> **Data for review**:

+===+

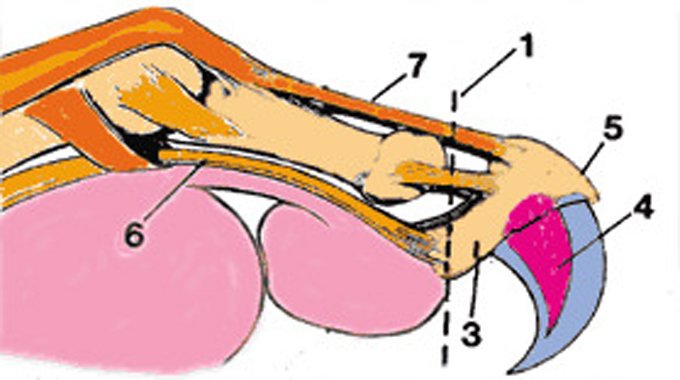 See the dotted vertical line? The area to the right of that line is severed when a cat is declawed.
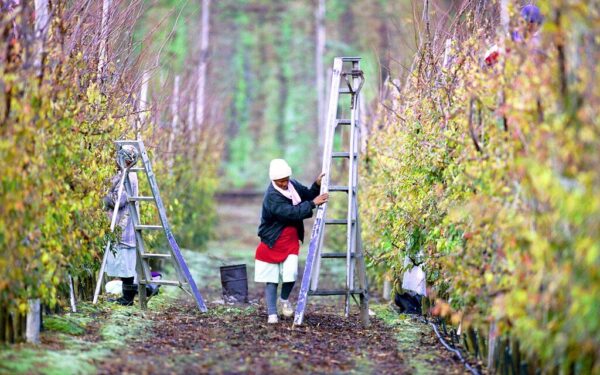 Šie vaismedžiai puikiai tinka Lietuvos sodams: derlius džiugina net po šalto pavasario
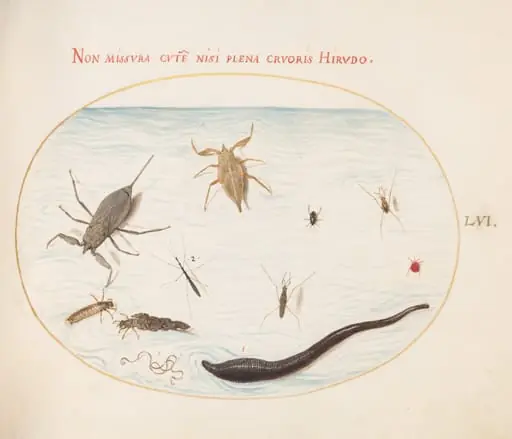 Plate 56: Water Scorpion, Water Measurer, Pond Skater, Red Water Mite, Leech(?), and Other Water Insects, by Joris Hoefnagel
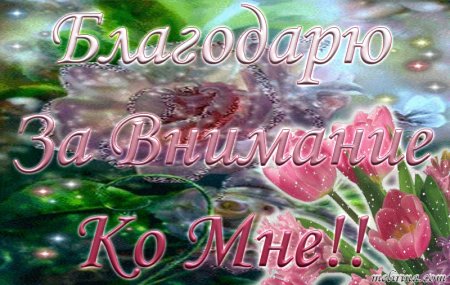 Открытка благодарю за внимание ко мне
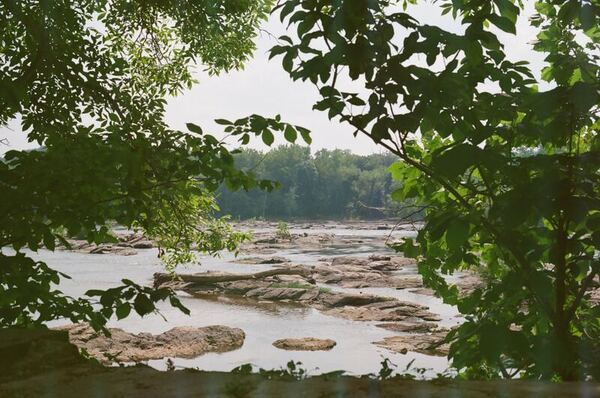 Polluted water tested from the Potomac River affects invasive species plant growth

+===+

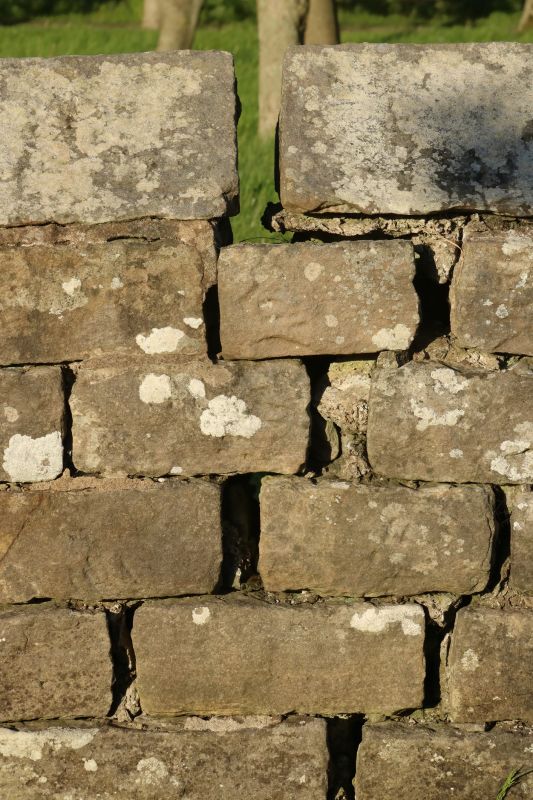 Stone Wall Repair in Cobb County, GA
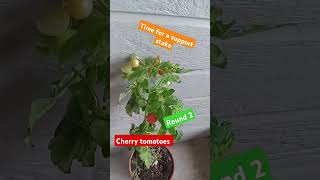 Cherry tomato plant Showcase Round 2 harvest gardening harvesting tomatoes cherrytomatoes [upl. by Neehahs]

+===+

> **What is being asked**: Skipping the pictures, print the lines in the listing above exactly as written, starting at the line with "See the dotted" and ending at the line with "Polluted water tested", both included.

> **Expected output**:
 See the dotted vertical line? The area to the right of that line is severed when a cat is declawed.
 Šie vaismedžiai puikiai tinka Lietuvos sodams: derlius džiugina net po šalto pavasario
 Plate 56: Water Scorpion, Water Measurer, Pond Skater, Red Water Mite, Leech(?), and Other Water Insects, by Joris Hoefnagel
 Открытка благодарю за внимание ко мне
 Polluted water tested from the Potomac River affects invasive species plant growth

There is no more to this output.